#37 CROWS社

タケル……久しぶりね。直接会うのは何ヶ月振り?」


「そうだなぁ、俺が日本に戻ったときが最後だから9ヶ月振りくらいじゃないか?」


「そう……。あ、真美ごめんね。知ってるとは思うけど紹介するわね。彼はB.W.M.アメリカ支社にある防衛・セキリュティ部門機体制御システム部部長の石黒健。それで彼女は私の秘書の柳瀬真美。覚えておいてね」


「よろしく。健だ」


 健が真美に手を差し出した。


「よ、よろしくお願いします」


 真美が緊張しながらも手を伸ばし、震える手で握手した。


「カエデのやつ大変だろう?意外と強情だからな」


「ちょっと、変なこと吹き込まないで。それよりほら、早く行きましょうよ。車の中でもゆっくり話できるでしょ?」


 3人は立ち話をやめ、車に向かった。


「あの、石黒部長と社長ってどういう関係何ですか?タメ口ですけど」


 車に乗り込む前、真美が楓にこっそりと聞いてきた。楓は何だそんなことかと笑って答えた。


「幼馴染なの。彼と私」


「なるほど」


 真美が助手席に座り、健と楓は後部座席に座った。向かうはCROWS社の本社ビルだった。


「ところで、絵里は元気?」


「元気にしてるよ。カエデに会いたがってたぞ」


「最近会えてないからなぁ」


「……日本、大丈夫なのか?」


「どうだろ。昔とおんなじで治安はそんなよくない」


「戦争してるんだろ?」


「アメリカだってそうでしょ?そうね、日本海で小競り合いが続いてる。それに九州に直接被害が出てる」


「……そうか。昨日、S.A.T.Oが全面攻勢に出たと聞いた」


「らしいわね。まったく、争いごとばっかりで嫌になっちゃう」


「ああ、まったくだ。……CROWS社の最新発表とのことだが、一体なんだろうな。ていうか俺が行っていいところなのか?」


「色々な企業が招待されてるみたいだし、実際あなたも招待されてるんだからいいんじゃない?それと、一部情報筋によると、無人兵器についてらしいわ。なんでも、人の介在がほとんどないとか」


「そりゃ、すごい。あ、そういえば本社ビルは来客用の宿泊施設も備えているらしいぞ」


「あら、それはいいわね。もう疲れちゃった。歳かしら」


「ま、42だからな。それに時差ボケもあるんだろう。しっかり休むといい」


「心配ありがと。あとさらっと歳を言わないでよさらっと。恥ずかしい」


 数十分後、本社ビルに到着した。周りのビルに負けず劣らずそびえたつCROWS社のビルに圧倒されながらも3人は中に入った。
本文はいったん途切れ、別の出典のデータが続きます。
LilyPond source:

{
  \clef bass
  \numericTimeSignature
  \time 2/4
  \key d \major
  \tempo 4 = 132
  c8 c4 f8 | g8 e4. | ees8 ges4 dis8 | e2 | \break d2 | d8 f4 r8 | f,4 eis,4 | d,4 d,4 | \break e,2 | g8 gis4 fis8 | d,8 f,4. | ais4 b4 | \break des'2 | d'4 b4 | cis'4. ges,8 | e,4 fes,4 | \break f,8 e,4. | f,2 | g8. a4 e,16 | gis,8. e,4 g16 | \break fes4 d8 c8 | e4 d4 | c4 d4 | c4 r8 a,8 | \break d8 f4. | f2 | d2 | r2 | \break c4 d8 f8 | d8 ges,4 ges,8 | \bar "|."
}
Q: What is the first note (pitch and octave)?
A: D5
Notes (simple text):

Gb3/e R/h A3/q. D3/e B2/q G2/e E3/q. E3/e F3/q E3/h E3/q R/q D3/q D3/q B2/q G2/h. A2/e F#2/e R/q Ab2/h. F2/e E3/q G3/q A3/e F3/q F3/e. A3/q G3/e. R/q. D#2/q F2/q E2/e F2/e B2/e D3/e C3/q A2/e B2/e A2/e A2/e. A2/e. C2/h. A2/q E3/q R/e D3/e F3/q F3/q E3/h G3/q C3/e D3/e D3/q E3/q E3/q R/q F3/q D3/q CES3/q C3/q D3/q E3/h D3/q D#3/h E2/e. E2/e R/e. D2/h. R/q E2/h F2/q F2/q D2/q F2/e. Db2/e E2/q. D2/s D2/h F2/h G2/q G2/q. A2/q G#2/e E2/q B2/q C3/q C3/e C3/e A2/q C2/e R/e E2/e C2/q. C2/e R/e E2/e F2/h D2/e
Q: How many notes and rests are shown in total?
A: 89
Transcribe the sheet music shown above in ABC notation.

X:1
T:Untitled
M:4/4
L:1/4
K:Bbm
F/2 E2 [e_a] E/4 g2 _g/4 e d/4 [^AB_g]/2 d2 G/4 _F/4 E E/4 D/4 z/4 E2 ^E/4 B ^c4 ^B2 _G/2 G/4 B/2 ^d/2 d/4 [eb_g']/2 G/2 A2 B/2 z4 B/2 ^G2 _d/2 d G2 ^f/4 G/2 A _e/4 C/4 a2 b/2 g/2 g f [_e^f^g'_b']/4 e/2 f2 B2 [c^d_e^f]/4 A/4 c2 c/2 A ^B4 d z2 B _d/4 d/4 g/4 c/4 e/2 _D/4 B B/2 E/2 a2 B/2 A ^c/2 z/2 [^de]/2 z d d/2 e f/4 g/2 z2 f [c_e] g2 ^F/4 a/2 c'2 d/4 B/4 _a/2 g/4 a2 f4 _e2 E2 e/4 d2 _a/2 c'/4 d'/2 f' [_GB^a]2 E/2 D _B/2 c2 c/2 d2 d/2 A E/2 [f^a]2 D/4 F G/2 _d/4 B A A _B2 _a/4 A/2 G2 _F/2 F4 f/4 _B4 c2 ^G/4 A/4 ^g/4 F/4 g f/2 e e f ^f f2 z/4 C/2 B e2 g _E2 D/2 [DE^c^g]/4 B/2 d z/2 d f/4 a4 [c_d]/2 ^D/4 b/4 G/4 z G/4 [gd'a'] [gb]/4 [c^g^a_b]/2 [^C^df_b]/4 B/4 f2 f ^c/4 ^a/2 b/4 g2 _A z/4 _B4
「ようこそ!我が社へ。ヒューマーの生みの親でいらっしゃる黒柳楓社長とその秘書の方、そして防衛・セキュリティ部門の責任者でいらっしゃる石黒健部長。お久しぶりですね」


 入ると、スーツを着た白人男性が楓たちを歓迎してくれた。何度も見たことのある顔。


「いやいや、責任者なんて偉い役職じゃありませんよ、俺は。ダニエル・ゲイツ社長。お久しぶりです」


「お呼びいただきありがとうございます。こっちに来るの大変だったんですよ?」


「ははは、本当にありがたいことだ。感謝しますよ。さあさあ、長旅で疲れてるでしょう。発表まで時間がありますから、どうぞそれまで休んでください。部屋は用意してあるので、時間になったら改めてお呼びします」


 金属探知機のゲートをくぐり、エレベーターに乗って来客用フロアに着く。事務的な印象のエントランスと違い、カーペットが敷かれていたり、洒落た壁紙が貼ってあったりと、ここはまるでホテルのような空間であった。


 3人はそれぞれ別れて部屋に入った。部屋の中は、それこそまさしくホテルの一室だった。ダブルベッドがありバスとトイレがあり、眺めこそ通りしか見えなかったが、それでもここが本社ビルであることを忘れさせるには十分すぎるものだった。


 おもてなしの国として負けてられないな、と経営者の顔をしながら楓は思った。